Winner: Goran Dragic
Most Disappointing Player
A) Kevin Martin. Being traded never stopped stinging. The ongoing transaction speculation weighs heavy on his shoulders. He’s struggled adjusting to being a secondary scoring option alongside the increasingly ravenous Kyle Lowry. His game hasn’t adjusted to the league’s subtle shift towards allowing a bit more leniency to hard-nosed perimeter defenders. One of these, and maybe even all of them, can explain the up and down season Kevin Martin’s currently mired in. Yes, he’s leading the team in scoring, but at five fewer points per game than last year. His usage rate has dropped five percentage points and his PER has dropped three, too. But at the core of Martin’s inconsistency are the free-throw attempts. Formerly his bread and butter, Martin’s averaging exactly half as many attempts at the free-throw line this year as opposed to last. Something’s up with Kevin Martin. I wonder how much of the problem’s in his head.

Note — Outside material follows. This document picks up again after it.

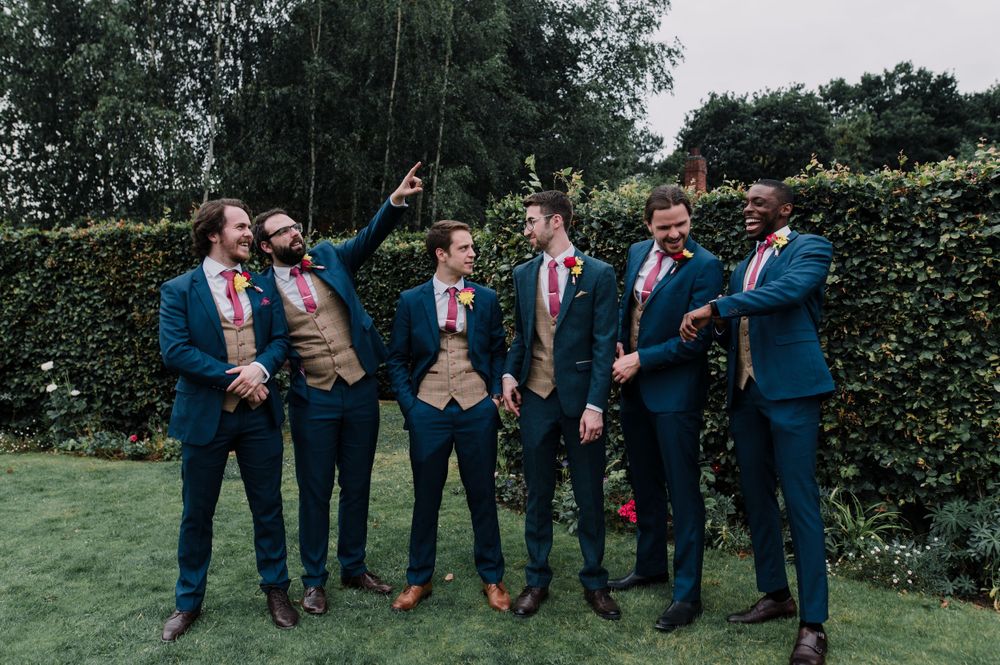 Wedding party in blue suits posing against garden hedge backdrop.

B) Chase Budinger. From a purely statistical standpoint Budinger hasn’t dropped off at all, in any major category. In his usual 20 minutes a game he’s shooting the deep ball better than ever to go along with a career best PER and TS%. But that isn’t the point here, is it? Apart from his participation in the dunk contest, the big storyline surrounding Budinger’s season was his demotion from the starting lineup just a week into the season. It’s almost like the Rockets were a boy in high school and Budinger was a cute girl. A week into the school year, a new, slightly prettier girl (Parsons) caught the boy’s eye. Old, cute girl’s number was thrown away and a switcheroo was instantly made. On top of that, in the bigger picture of Budinger’s career, didn’t you expect to see more than marginal improvement this year? It’s his third season and he’s getting his starting job taken away by a rookie who can’t shoot free-throws? That can’t be the development Morey is looking for.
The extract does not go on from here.